What have we to say to the inhabitants of Finland four thousand generations into the future, and how on earth might we expect them to understand us?
That is the unlikely question I explored in a blog post five years ago, triggered by a film about the problems involved with building a nuclear waste repository intended to remain undisturbed for 100,000 years. If you are going to do that – and the Finns are doing exactly that – what are your ethical obligations to warn your impossibly distant descendants? More pragmatically, whatever those obligations are, how do you transmit a message with any hope of its remaining coherent – or is it better not even to attempt the task?
In what is no doubt a deeply unintended irony, the film has never been easy to see. It’s had a handful of showings in a few slightly random places, one of which I was lucky enough to catch. At the time, there didn’t seem to be any other way of seeing it and though I have looked once or twice, I had never found it in any other format. It seemed doomed to obscurity long before the waste which was its subject. That’s a shame, because it’s a good film and well worth watching, whatever your level of interest in nuclear waste management.

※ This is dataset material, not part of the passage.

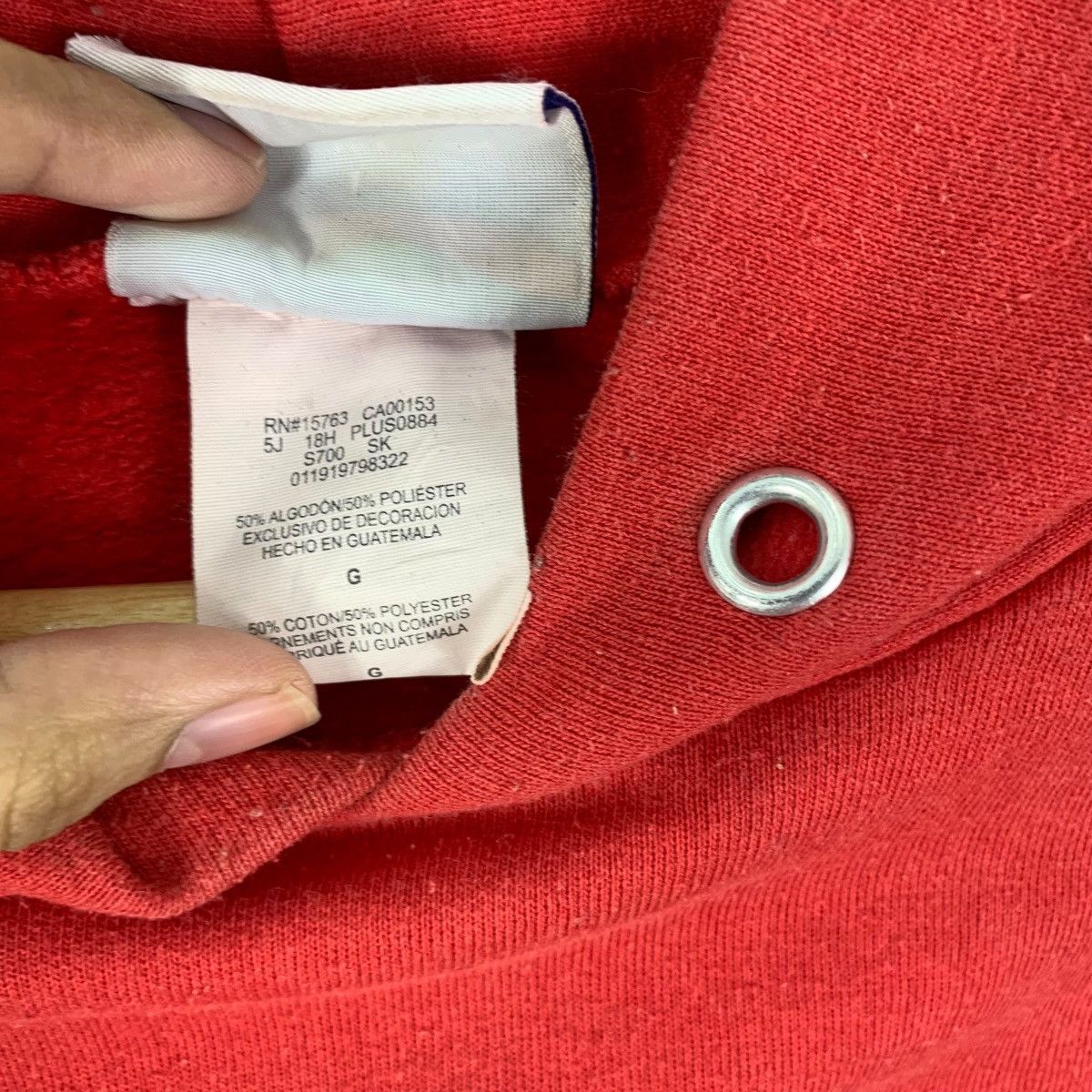 Champion Vintage CHAMPION PRODUCTS ECO Collection Red Hoodie Pullover Size US L / EU 52-54 / 3 - 9 Thumbnail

Yesterday it came up in conversation, and not for the first time I found myself both recommending the film and regretting that the chance of being able to act on that recommendation seemed vanishingly small. In a triumph of hope over expectation, I had one last look this morning – and discovered that there is a DVD and that Amazon is ready to sell it to you. When I looked, Amazon had two copies in stock, now that I have looked, there is just one left – yours for the princely sum of £4.02. That’s a bargain.